Life insurance is something that many of us have heard about, but few of us actually understand what it is. Have you ever wondered what might happen to your loved ones who are financially dependent on you, if you suddenly had a terrible accident or illness and you passed away? Financially they would be in real trouble as the main breadwinner of the family would be gone, yet there would still be a mountain of bills to pay. What life insurance can offer is a payout upon the passing of the policyholder provided that they paid their premiums throughout the policy’s life. This is just a definition of life insurance in its rawest terms, so if you would like to read a comprehensive guide, then read on about how to maximize your life insurance.
What is Life Insurance?
Life insurance is a legally binding contract between a policyholder and an insurance company that guarantees a payout upon the death of the policyholder. The idea is that if premiums are paid throughout the lifetime of the policy, then payment will be made to any named beneficiaries, normally a spouse or children, so that they are financially stable after the policyholder’s death. Obviously, you should do your research before investing in such a policy because you need to ensure that the company that you take out the policy with is financially solvent, it is no good if they are a disreputable insurer as there will be nothing to pay out if they are bankrupt!
Difference between Accident and Life Insurance
Some people already have accident insurance, and they may be thinking, why do I need another form of insurance? Well, look at it this way, say you were injured in a car accident in Georgia, and if you have accident insurance, then this will payout and cover the cost of hospital treatment and loss of earnings. But, if you were killed in the accident your family would receive nothing, and they would run the risk of being destitute. Professionals from a Norcross personal injury law firm advise that life insurance is one of the most worthwhile insurance policies to take out if you want to protect your family in the long run, but that it is also merits taking out accident insurance as a double safeguard in case you have an injury.
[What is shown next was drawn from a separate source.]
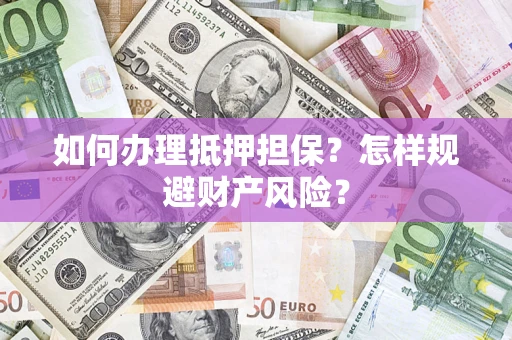 济南如何办理抵押担保？怎样规避财产风险？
Of course, you can always try and sue the responsible party, but often the courts decide against you, so it is better to be safe than sorry.
Who is it Suitable for?
Life insurance is suitable for anyone who is the main breadwinner in their family and is worried about their future. If you are single and without children in your 60s, then there is little point taking it out as you have no dependents to worry about so it will be a waste of money, but for parents of a young child; it or severely disabled adult children who will need lifelong care, it is a must. If you own property with a partner, it makes sense to take out life insurance because if you die, they will struggle to pay the mortgage, and you wouldn’t want them to lose their home. It is also suitable for young people because the insurance premiums will be incredibly low and will be locked in for life. So, rather than paying higher premiums later in life, lock in an affordable monthly amount whilst you’re young and you will then provide for any future offspring that you may have.
How Does it Work?
As we mentioned, you will pay a monthly premium into your policy that will be dependent on many factors such as your age when the policy is taken out, your health, and your lifestyle. Based on this and your premium, a death benefit will be calculated, which will be the guaranteed payout upon the policyholder’s death. There is also a cash value throughout the policy that can do one of two things: it can be used as a savings pot throughout the insured’s life or used to pay premiums or purchase extra insurance type.
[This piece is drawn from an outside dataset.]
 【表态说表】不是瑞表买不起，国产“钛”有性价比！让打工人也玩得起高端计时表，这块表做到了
As we have discovered, life insurance is a type of insurance that will pay out to named beneficiaries upon the insured’s death. It is not to be confused with injury insurance that will only pay out against an injury and not death. It is suitable for anyone who has loved ones that they want to look after, after they pass away, and is also a great way of saving during your lifetime so that you can purchase one-off needs or pay for additional insurance as necessary. So, do the right thing and safeguard your family’s future whilst you can.